Kaderschmiede der Rechtsextremisten / Im "Collegium Humanum" in Vlotho werden Neonazis für den Straßen-Kampf geschult / Treff der "intellektuellen Faschisten"

Von Oskar Emm

Vlotho/Bielefeld. So ein Aufmarsch muss gut vorbereitet sein. Aus dem gesamten Bundesgebiet reisen die NPD-Sympathisanten heute nach Bielefeld, um durch den Osten der Stadt zu marschieren. Das verlangt eine ausgeklügelte Logistik und stramme Disziplin. Die nötige Wissensbasis für das Gelingen einer Demonstration lernen die Organisatoren regelmäßig auf "Unterführerschulungen" im "Collegium Humanum". Das ist ein Veranstaltungsort der extremistischen Rechten im ostwestfälischen Vlotho.

Die NPD, Anmelder der heutigen Demonstration in Bielefeld, könnte allein aus Ostwestfalen kaum 100 Anhänger für einen Marsch mobilisieren. Die Partei ist daher auf Mithilfe der "Freien Kameradschaften" angewiesen. Das sind regionale und lokale Sammelbecken von Neonazis. Um auf eine Teilnehmerzahl von über 1.000 zu kommen, ist es nötig, die Gleichgesinnten aus ganz Deutschland nach Bielefeld zu lotsen. In der Regel werden um die 30 Sammelpunkte in der Republik eingerichtet. In Bussen geht es anschließend weiter in eine Stadt nahe des Demonstrationsortes, in diesem Fall könnten das Hamm oder vielleicht Hannover sein. Von dort aus bringt die Bahn die Teilnehmer ans Ziel.

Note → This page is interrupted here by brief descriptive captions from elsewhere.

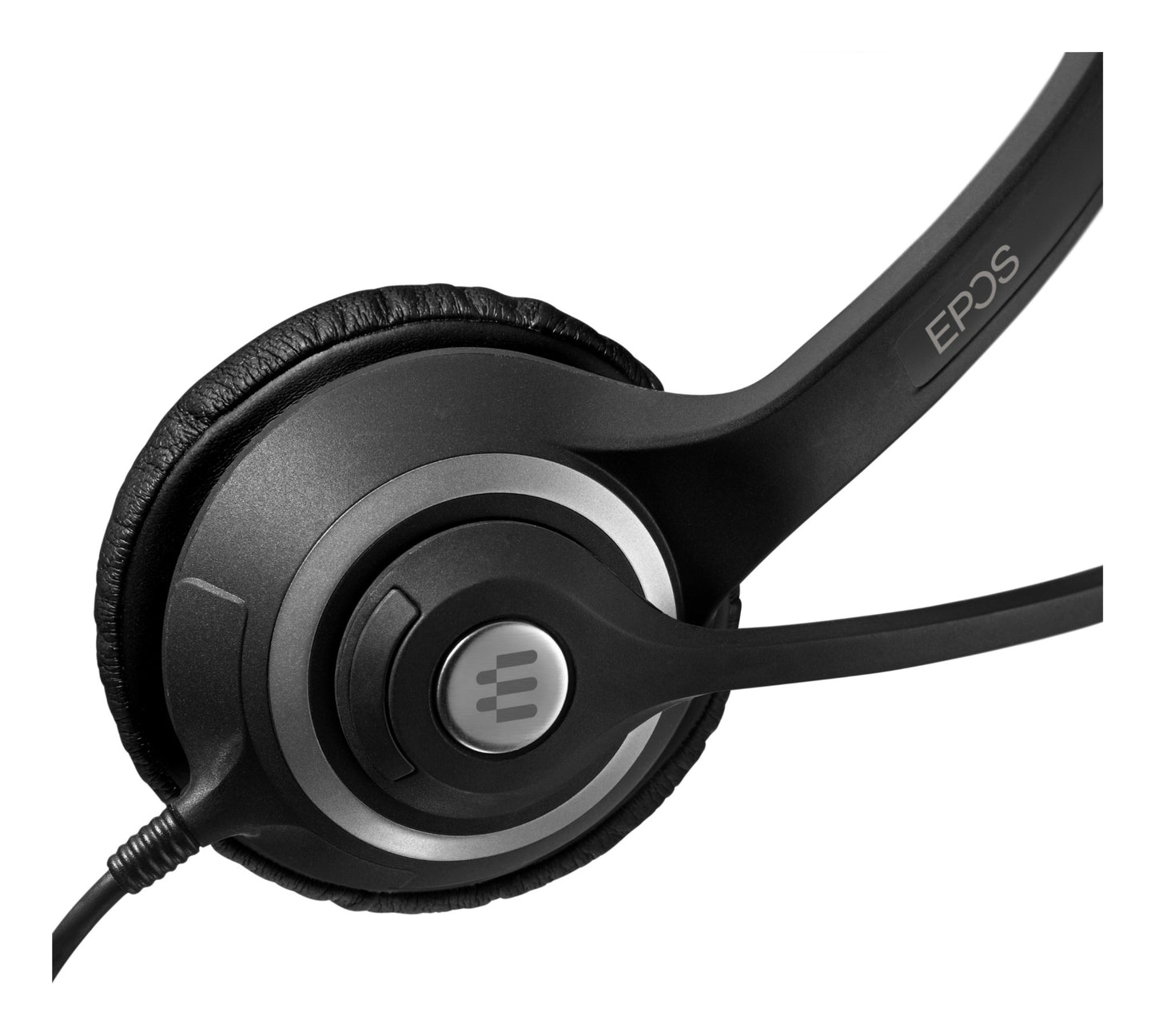 EPOS IMPACT SC 230 Headset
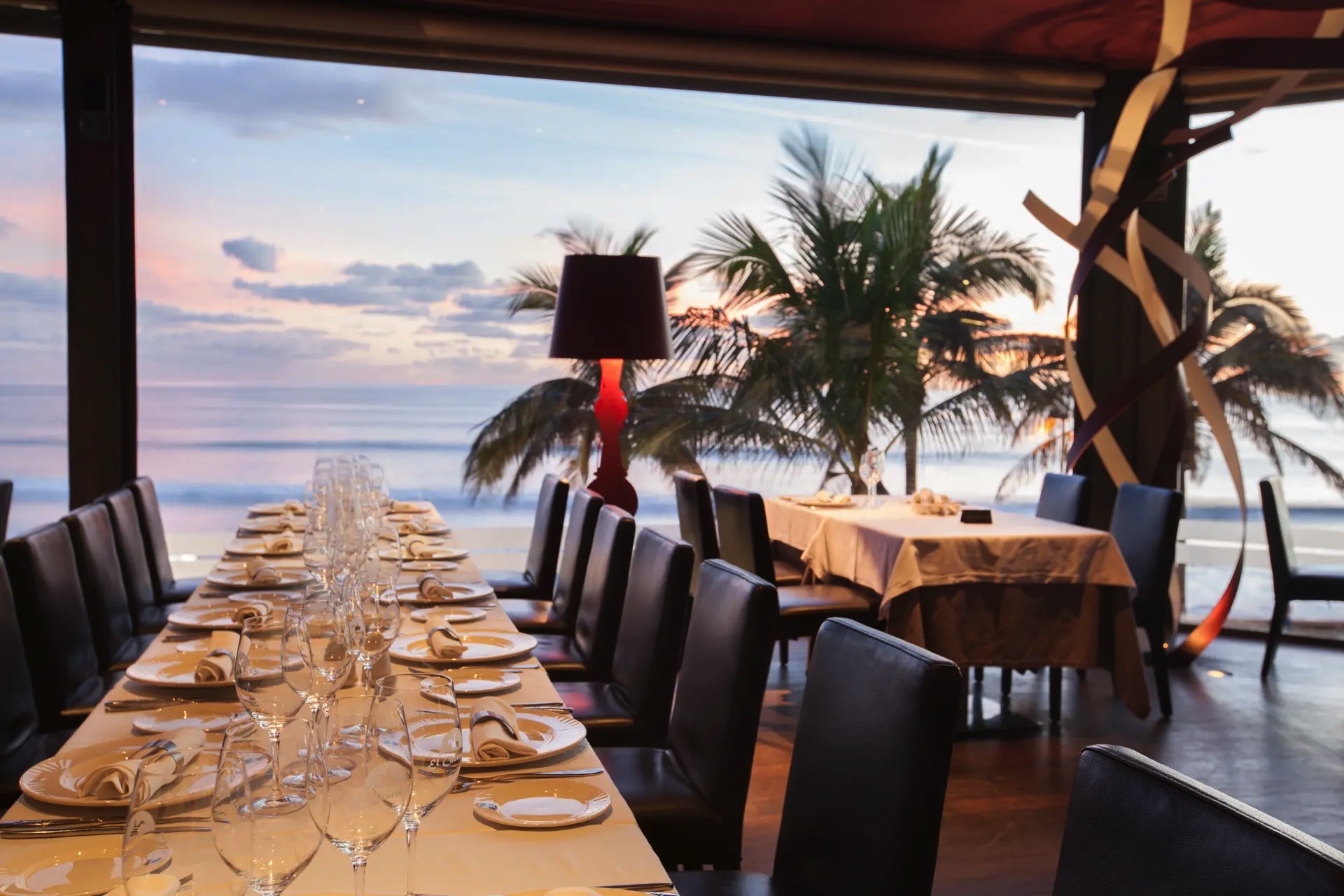 vistas el churrasco restaurante lopesan costa meloneras resort & spa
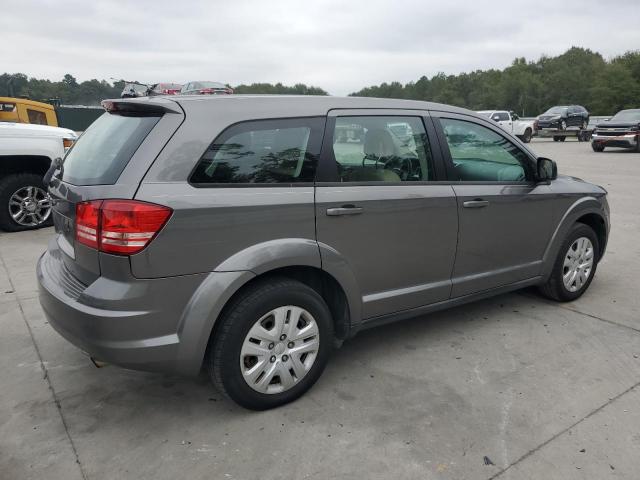 Photo 3 from auction – 2013 DODGE JOURNEY SE with VIN 3C4PDCAB2DT703015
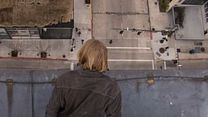Bild von The Ledge - Am Abgrund Trailer OV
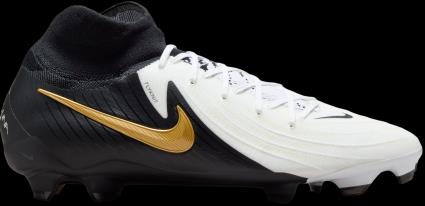 Chuteiras de futebol Nike PHANTOM LUNA II PRO FG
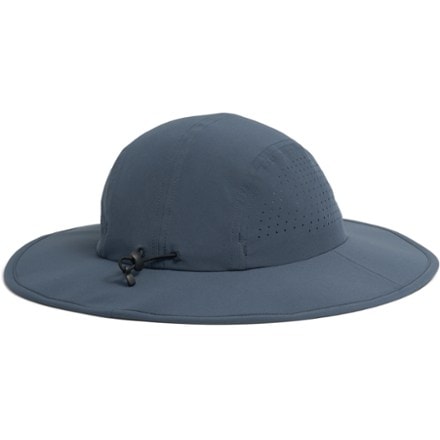 Outdoor Research Swift Lite Brimmer Hat 2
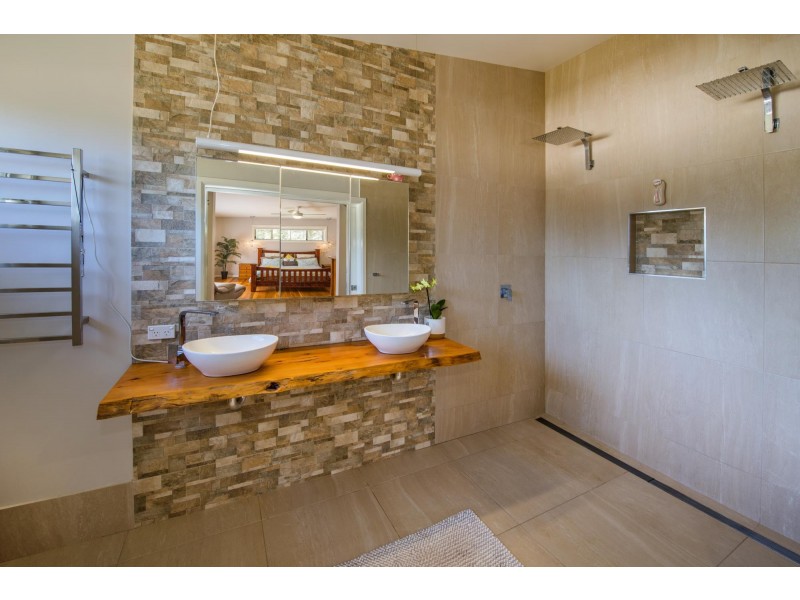 16 Seaforth Drive, Valla Beach NSW 2448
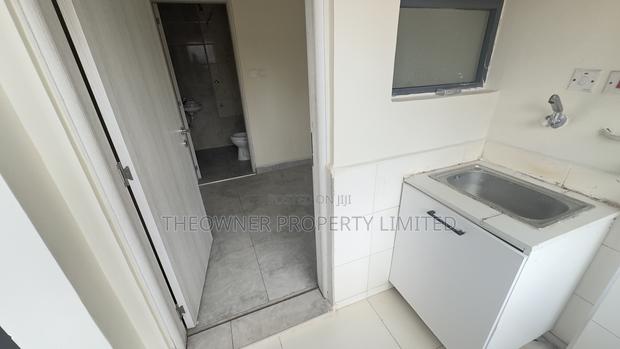 4bdrm Duplex in Parklands for rent - thumbnail 7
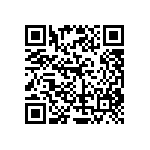 AF122-FR-07287KL QRCode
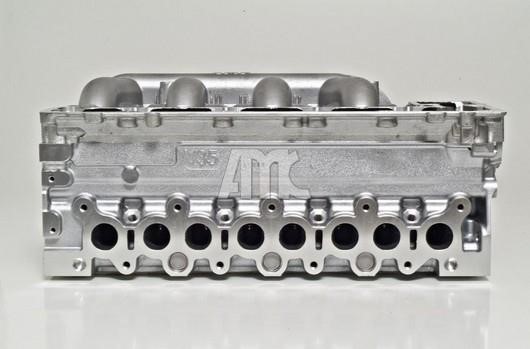 Cylinderhead (exch) Wilmink Group WG1011079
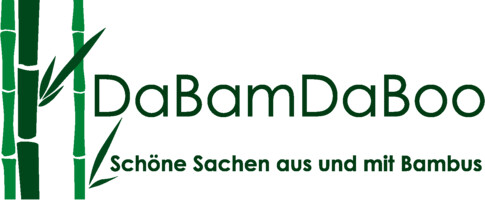 DaBamDaBoo in Düsseldorf - Logo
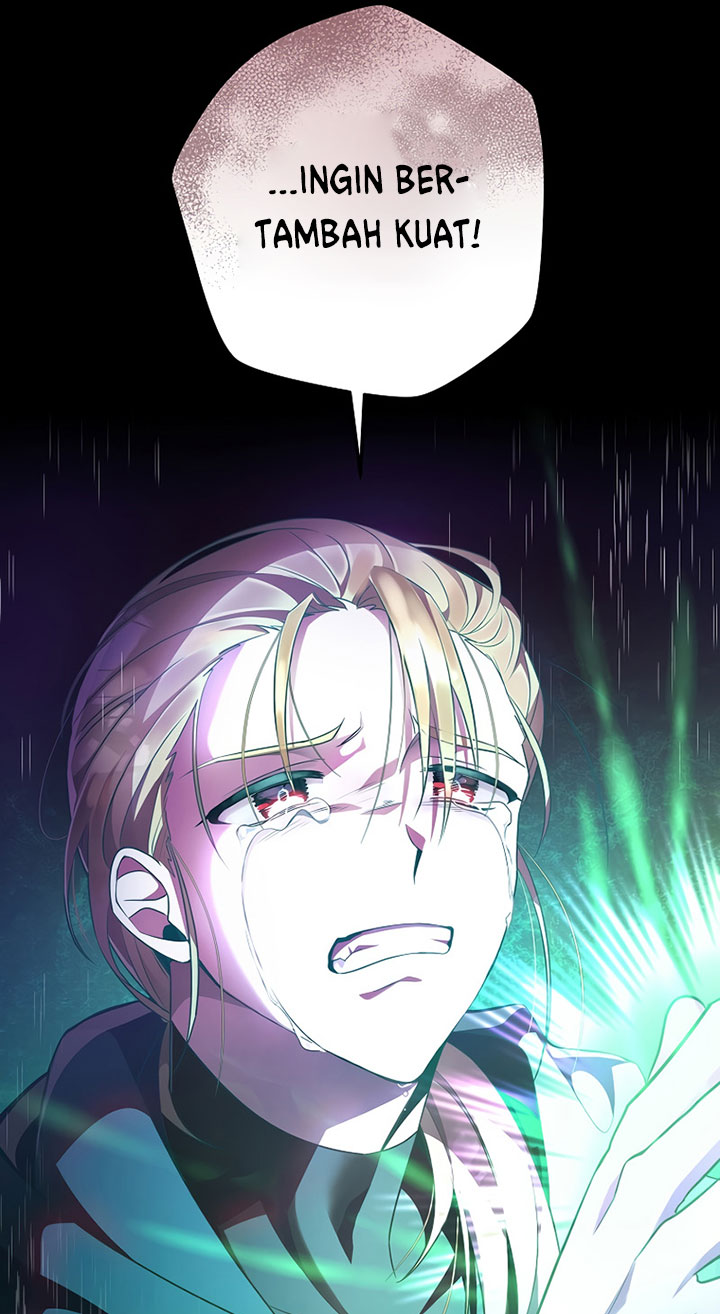 The Novel’s Extra (Remake) chapter 20 halaman 82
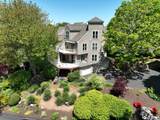 58 Quarry Dock Road - Photo 3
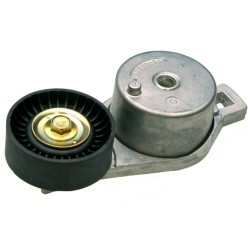 NAPA BELTS & HOSES 38185 DR/BLT TENSIONER ASSY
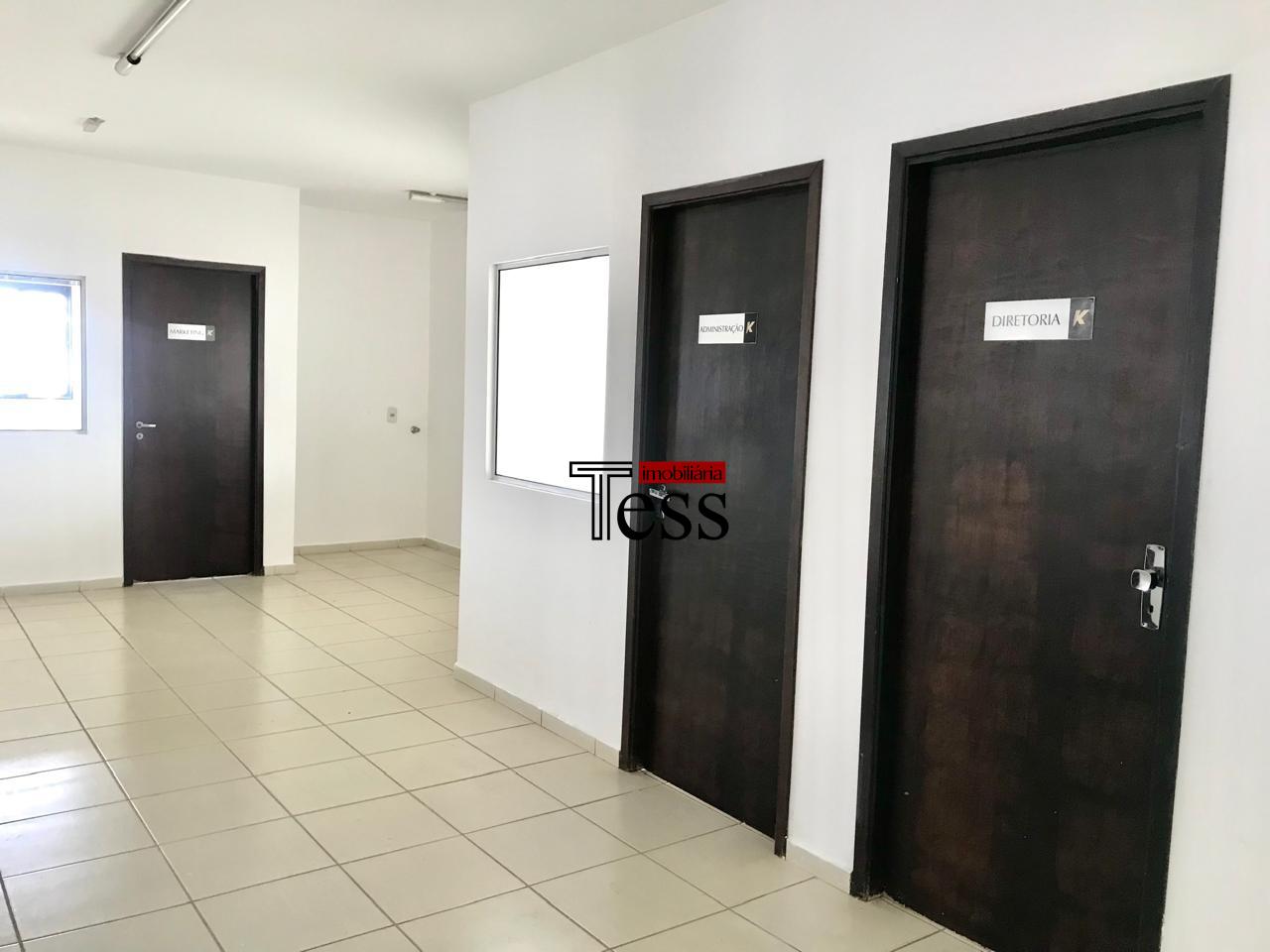 Loja / Salão / Ponto Comercial para aluguel, 1240m² — foto 16 de 25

Nun warten auf die Ordner und Organisatoren der Rechtsextremisten die nächsten Aufgaben: Sammeln zum geordneten Abmarsch und aufpassen, dass die Teilnehmer die Demonstration nicht gefährden durch (zu offensichtliche) verfassungsfeindliche Parolen oder andere Straftaten. Damit dieser Ablauf gewährleistet werden kann, bilden die führenden Rechtsextremisten gezielt so genannte "Unterführer" aus. In Ostwestfalen hat sich das Collegium Humanum für solche Aktivitäten mittlerweile etabliert. Nach Informationen von Szenebeobachtern pauken die Neonazis in Vlotho regelrecht Schulfächer. Demnach stehen zum Beispiel "Verschlüsselungstechniken", "Polizeifunk abhören", "Geländeübungen" (auch Wehrsport genannt) und "Deutsche Geschichte" auf dem Stundenplan. "Am Ende müssen die Teilnehmer Abschlussprüfungen ablegen, bei denen sie auch durchfallen können", berichten Kenner der Naziszene. Regelmäßige Teilnehmer dieser Schulungswochenenden – mindestens drei hat es 2001 gegeben – sind die bekannten Bielefelder Neonazis Bernd Stehmann und Meinhard Otto Elbing. Beide gehören zur mittleren Ebene der Hierarchie innerhalb des rechtsextremen Spektrums. Sie treten als Ordner bei Aufmärschen in ganz Deutschland in Erscheinung. Stehmann hat sich zudem einen Namen als Herausgeber eines Nazi-Skinhead-Magazins gemacht, das auch im Haus des Collegium Humanums verkauft wird. Dieser Verein ist 1963 auf Initiative von Prof. Werner Haverbeck (t) gegründet worden. Haverbeck war im Dritten Reich Leiter der "Reichsmittelstelle für Volkstumsarbeit". Er gehörte zum persönlichen Stab von Hitler-Stellvertreter Rudolf Hess. 1974 wurde der zeitweise an der Fakultät für Sozialwissenschaften der Fachhochschule Bielefeld tätige Professor Präsident des "Weltbunds zum Schutz des Lebens – Bundesverband Deutschland" (WSL-D). Dieser Verein beschäftigt sich vornehmlich mit einem völkischen Rassismus. Der WSL-D wird vom Verfassungsschutz NRW als rechtsextrem eingestuft.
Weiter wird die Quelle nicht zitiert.